If SDMA is used to update the GPU PTEs, there is a delay. The MMU
notifier is synchronous, so it shouldn't be a problem. You just
wait for
the SDMA job to complete before returning. When updating PTEs with new
valid addresses, it's asynchronous. But the GPU will continue retrying
on the invalid entry until SDMA finishes. So it's also implicitly
synchronized on the GPU side.

Regards,
      Felix


On 2018-09-10 05:42 AM, Christian König wrote:

Hi Felix & Oak,

over the weekend I had the idea that we could just use the shadow BOs
to have the current state in a page fault. They are GTT BOs and CPU
accessible anyway.

Regards,
Christian.

Am 08.09.2018 um 09:34 schrieb Christian König:

Hi Felix,

But why do you want to update page tables when there is no more
user
mode context that cares about them? Is this just to allow pending
work
to complete after the user mode context is gone? To prevent hangs?
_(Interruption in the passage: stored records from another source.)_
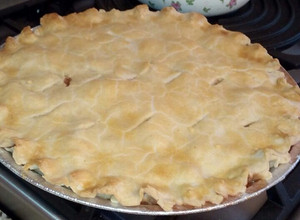 Una foto de Pie de manzana con nueces caramelizadas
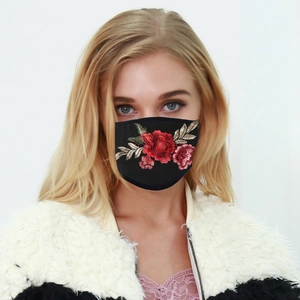 Detailed close-up of a breathable black face mask featuring a red rose floral embroidery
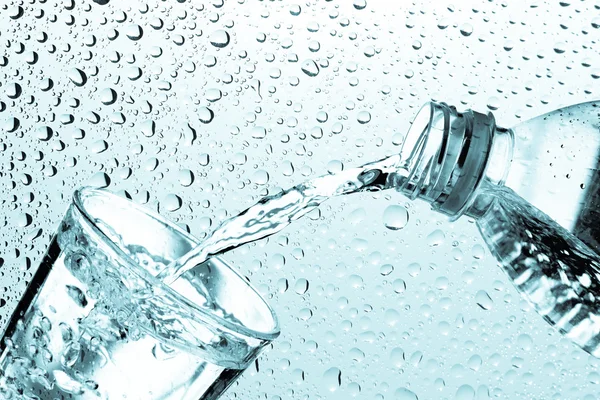 Trinkwasser wird aus einer Flasche in ein Glas gegossen — Stockfoto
The problem I'm see is that we still don't have a reliable way of
killing a command submission while making sure that no more
faults of
it are in the flight.

E.g. the HWS has a function to kill a running job on the hardware,
but that only works for compute and there is no way of telling when
that operation has finished.

But Oak has already convinced me that we should probably work on
that
instead of trying to keep the VM alive as long as possible.

Regards,
Christian.

Am 08.09.2018 um 02:27 schrieb Felix Kuehling:

Hi Christian,

I'm not sure I get your point here.

As I understand it, the amdgpu_vm structure represents the user
mode VM
context. It has the pointers to the root page directory and the
rest of
the page table hierarchy. If there is no amdgpu_vm, there is no
user
mode context that cares about the page tables.
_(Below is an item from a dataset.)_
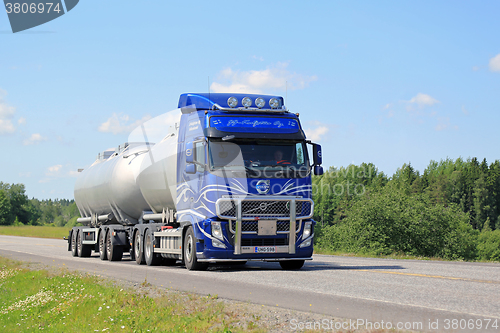 Image of Blue Volvo FH Tank Truck on Summer Highway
If we leave the page table pointers in the amdgpu_vm, then handling
faults after the VM is destroyed is pointless. We can't find the
page
tables and we can't update them, so there is nothing we can do in
response to VM faults.

So I'm guessing that you want to move the page table pointers
into a
different structure that exists half-independently of the VM. It
would
be created when the VM is created (that's where we currently
allocate
the PASID) but can be destroyed slightly later.

But why do you want to update page tables when there is no more
user
mode context that cares about them? Is this just to allow pending
work
to complete after the user mode context is gone? To prevent hangs?

Regards,
       Felix

On 2018-09-10 07:20 AM, Christian König wrote:

Am I right that the handling of page fault need a valid VM?

No, exactly that view is incorrect.

The VM is meant to be a memory management structure of page
tables and
is completely pointless fault processing because it represent the
future state of the page tables and not the current one.

What we need for fault processing is a new structure build around
PASIDs which is feed by the with addresses when page tables are
moved
around.

Alternatively I hope that we can use the SDMA to walk the page
tables
and update the required entries by just using the address.

Regards,
Christian.

Am 07.09.2018 um 16:55 schrieb Zeng, Oak:

Hi Christian,


What is the value of delay the destroy of hash to after vm is
destroyed? Since vm is destroyed, you basically don’t have enough
information to paging in the correct page to gpuvm. Am I right
that
the handling of page fault need a valid VM? For example, you
need the
VM to get the corresponding physical address of the faulty page.


After vm is destroyed, the retry interrupt can be directly
discard as
you can’t find vm through pasid. You can think this is also one
kind
of prescreen.


So I am stand for the point that, there is no need to delay the
destroy of hash to after vm is destroyed. Prescreening hash
can be
destroyed at the time of vm_fini.


Thanks,

Oak


*From:*Christian König <[email protected]>
*Sent:* Friday, September 07, 2018 4:39 AM
*To:* Zeng, Oak <[email protected]>; Oak Zeng
<[email protected]>;
[email protected]
*Cc:* Zeng, Oak <[email protected]>
*Subject:* Re: [PATCH 1/2] drm/amdgpu: Moved fault hash table to
amdgpu vm


Hi Oak,

yeah, but this is still a NAK. Making the hash per PASID was
not a
suggestion but rather a must have.

The VM structures must be destroyed while the processing is still
ongoing, or otherwise we would not have a clean OOM handling.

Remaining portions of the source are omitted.